United Kingdom!UNITED KINGDOM: Bardo – One Step Further (1982)
Tel and Ray Moore building their parts there. To pick out one shining example amid the myriad ways the UK have got it slightly wrong we return to Harrogate and Jan Leeming’s headband once more. This was John Peel’s favourite Eurovision entry ever apparently, and Neil Tennant sang their praises in ver Hits. Sally-Ann Triplett off Crackerjack and Stephen Fischer, who’d been offered a place in Bucks Fizz but was contracted to Godspell at the time, shared a manager and producer with ver Fizz and were pre-show favourites but made a right hash of the live vocal and finished seventh. At least the tight choreography was on point with the orchestra adding some attractingly frantic percussion.
Yugoslavia!YUGOSLAVIA: Tajci – Hajde Da Ludujemo (1990)
Representing the participant diaspora, because there are research limits. Like Bardo, Tajci went in to bat for the hosts only to finish seventh. Europe, you just weren’t ready for the Croatian Wendy James.


  1. George White

    May 5, 2014 at 1:23 pm

    Sheeba or as “mam refers to them, Marion the circus ringmistress, Maxi and the other one dressed in Star Trek floozy outfits”.

  2. George White

    May 5, 2014 at 1:34 pm

    Are you fans of Dustin the Turkey?

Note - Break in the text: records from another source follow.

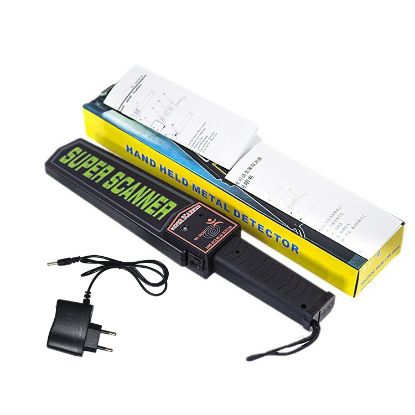 图片 金属探测器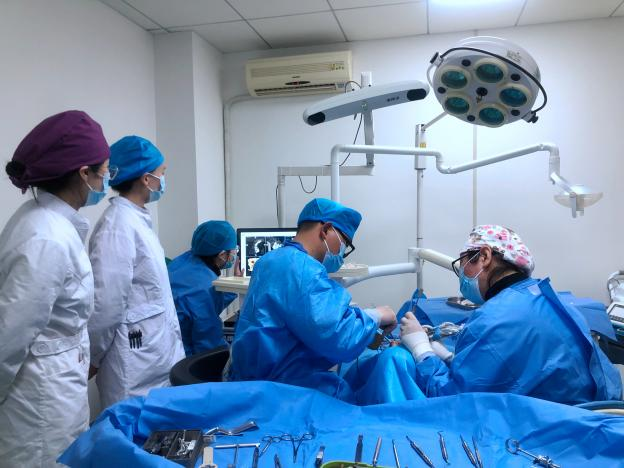 昆明医科大学附属口腔医院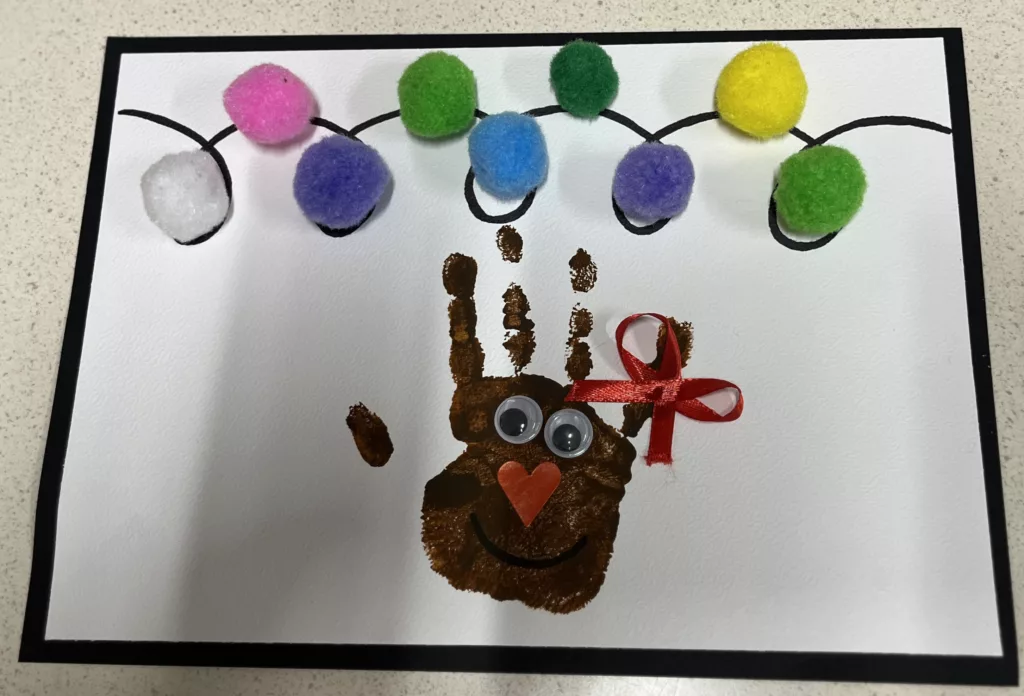 En attendant Noël...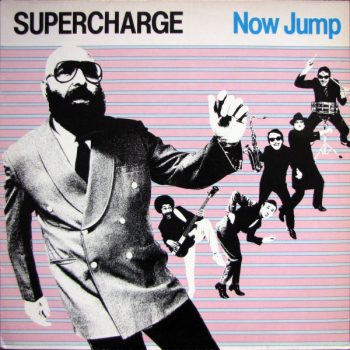 Supercharge  – Now Jump  Vinyl, LP, Album  media VG+ cover Vg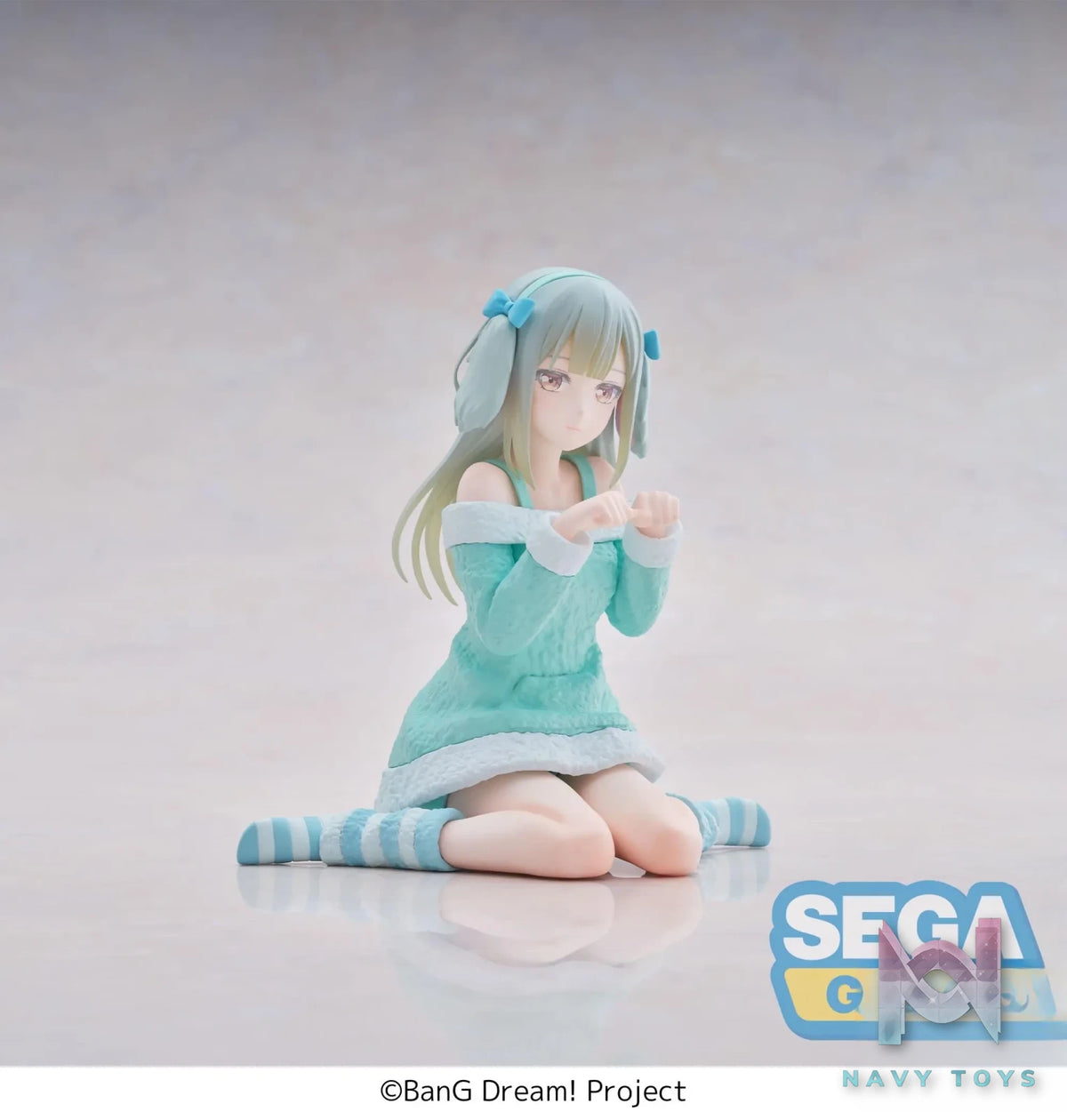 SEGA – Yumemirize “BanG Dream!” Mutsumi Wakaba Pajama Party! (Licensed)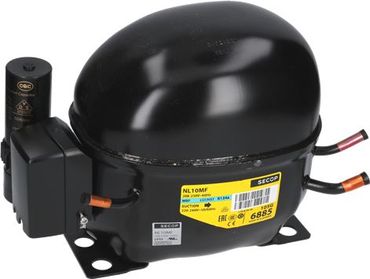 SECOP-DANFOSS NL10MF Kompressor für Polaris NFS0143NG, NFS0144NG 758W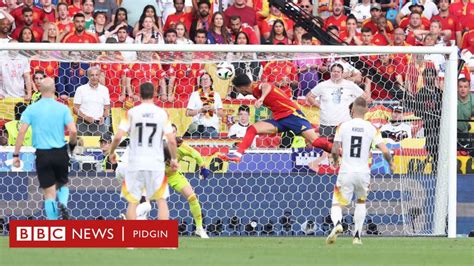 spain vs germany football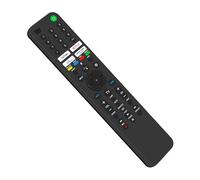 RMF-TX520U Mando a Distancia reemplazado por Voz -VINABTY-fit para el Mando a Distancia de Sony TV RMF-TX520U KD-65X85J KD-55X80J XR-65X94J XR-50X90J XR-77A80J KD-85X85J KD-75X79J KD-55X79J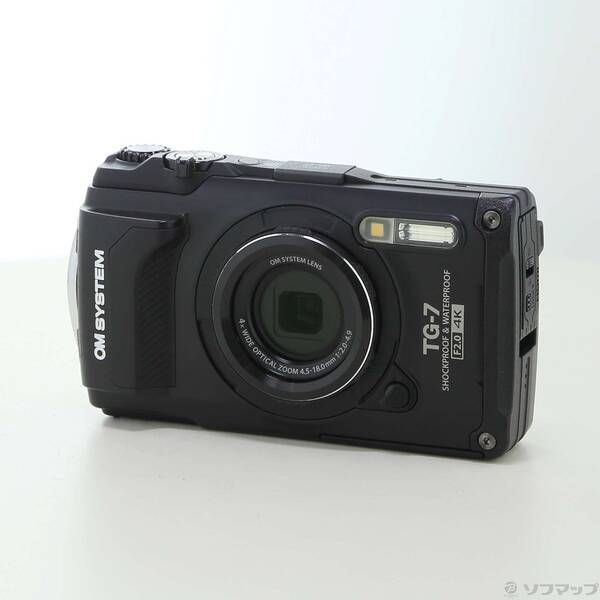 ソフマップ 〔中古品〕 Tough TG-7【198】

I once chatted to him when I was 11 on his show via phone, trying to tell him that the reason they couldn’t see a pirate television broadcasting duck named Martin on the tv behind them was whenever they turned their head away from him, he appeared on the telly, but when they looked at it, he was gone .

  3. ATV

    May 5, 2014 at 1:54 pm

    Sheeba had a member called Maxi, who before this represented Ireland on her tod in 1973 singing “Do I Dream?”

    She was also the member of another trio named.. Maxi, Dick and Twink.

    Not to be confused with gay porn, oh no.

  4. George White

    May 5, 2014 at 5:22 pm

    Although Sheeha IMO are dressed more like Ming the Merciless’ handmaidens, eg Suzanne Danielle and after the clothesswap Dale.

  5. Liam

    May 8, 2014 at 1:40 pm

    I’m guessing choosing Jahn Tiegen for Norway would have been too predictable?
    Likewise Fredi and Friends for Finland?

  6. George White

    May 8, 2014 at 9:13 pm

    Or good old Red with When for the OIRE

  7. George White

    May 8, 2014 at 9:15 pm

    Is one of Anna Vissi’s backing singers Nadim Sawalha?

  8. borgduck

    May 31, 2014 at 5:48 pm

    I’ve been glued to a couple of these half the afternoon! I’m literally embarrassed. Cast your eyes & ears away! The Sirens!

  9. Martin

    June 24, 2014 at 3:25 pm

    The one I remember most is Gitte Haenning: who sang the 1973 (I think) entry for Germany, ‘Junger Tag (English: Hello Today)’

  10. Redhairkid

    June 27, 2014 at 2:30 pm

    I absolutely LOVE Tomas Ledin! My celebrity crush for the past 34 years.

  11. George White

    July 26, 2014 at 10:44 am

    Twink, Maxi’s partner is an annoying Irish comedienne/singer/presenter, who has become known for being drunk on the Late Late Show. She was in Taffin, but maybe I shouldn’t be living here.

  12. Hellwyck

    August 24, 2014 at 3:58 pm

    Lordi, anyone?

  13. Glenn A

    October 12, 2014 at 6:11 pm

    Sad news about Lynsey de Paul, whose 1977 entry was one of the best ever and I still remember Ronnie Hazelhurst conducting the orchestra in a bowler hat. Indeed Lynsey is one of the most TV Cream of pop stars, entering the Eurovision at the height of its popularity, scoring a big hit with the theme tune to No Honestly, making a record with Ed Stewart, and appearing on everything from The Two Ronnies to New Faces.

  14. George White

    February 14, 2015 at 7:10 pm

    Where’s Netherlands 1974 contestants Mouth (I can’t believe it’s not Roy Wood) and MacNeal…

  15. redhairkid

    September 27, 2019 at 1:47 am

    Tomas Ledin was not strictly an Abba protege as he had his own career, starting in 1972, which continues to this day. His latest incarnation is as a bluegrass singer.